In the meantime, Tim had come across the highway into the field as well and was catching up with me, coming from my right, as I caught her. I think he was probably about 50 feet away when I got her. We walked over to Tim and he carried her out of the field and across the highway, back to where we had parked at my mom's office. We immediately brought her over to a water nozzle, laid her down and drenched her with water. We needed to try and bring her temp down. We kept wetting her as we began making calls to figure out where to bring her.
After about 10 minutes of wetting her down she was calming and not breathing so hard, but still panting and labored. We put her in the back of her owner's SUV and Tim hopped in with them and they took off for LSU's e-vet. I ran home, dropped off Anna, cleaned my bites, changed clothes, let our dogs our, and then met them at LSU. They checked her out, and after a few hours, a trip to Louie's for a bite to eat, a little blood work and some fluids, Ganda got to go home. I left ahead of Tim and Ganda's dad to let our dogs out at home. Then I went and picked Tim up and said a much calmer hello to Ganda. Then we went home, cleaned up and went to bed, after many hugs for our pups.

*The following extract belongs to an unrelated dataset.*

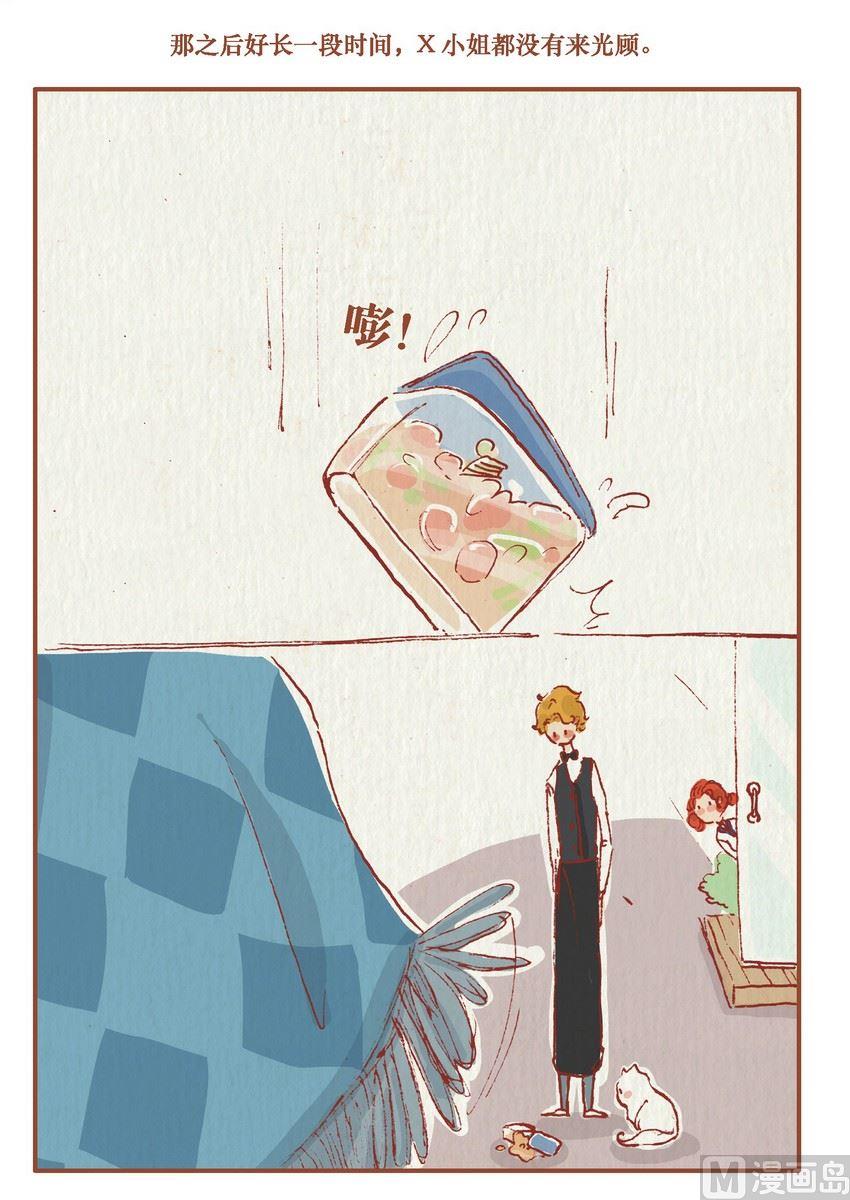 第05话7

That was so not how that was supposed to go. All the reading and such I had done on finesse capturing went out the window when she crossed that highway into the big field. It was now or never, and I was not going to let her get away. We had come too far. So I threw the books out the window and went for it, and it paid off. So, my arm is a little sore, and I have a few scratches, but Ganda is safe at home with her family. That is all that matters.

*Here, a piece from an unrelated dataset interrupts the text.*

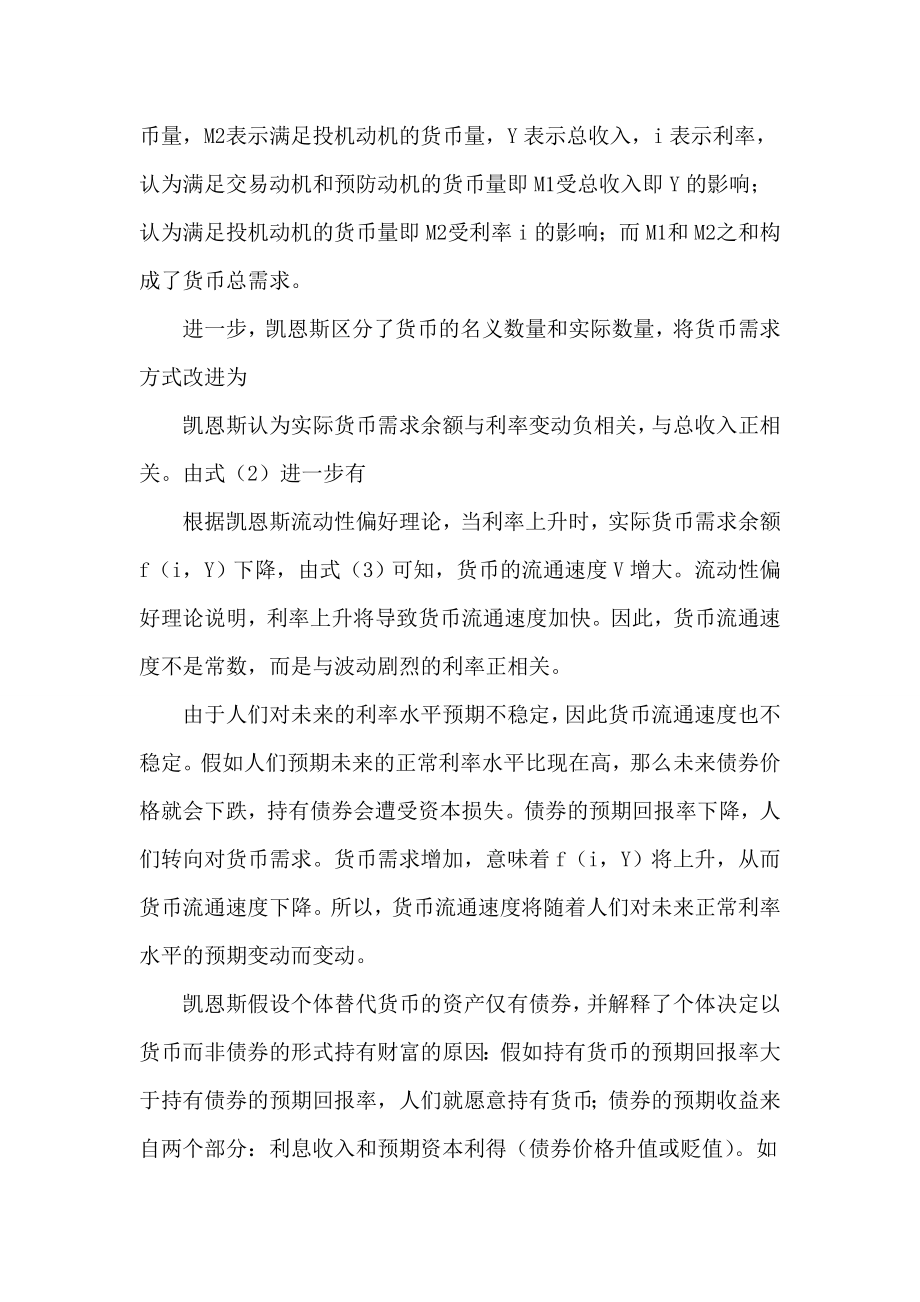 [参考范文]凯恩斯货币需求与弗里德曼货币需求理论比较论文.doc_第2页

This was one of the most difficult, frustrating and rewarding things I have ever done involving my work with greyhounds. I would hope that I never have to do that again. That no other dog gets out, but that's unlikely. It is an experience I will never forget.
Please take a moment again to look at something on our website, Buckley's Wish
. It really relates here. It's about a similar situation that happened right after we formed our group. I didn't care that I had never met this family before, or that this dog had not come from us, or anything like that. There was a greyhound and a family in need, and we helped them and found their dog. Ganda is now home. I helped make that happen and that makes me feel wonderful about what we do.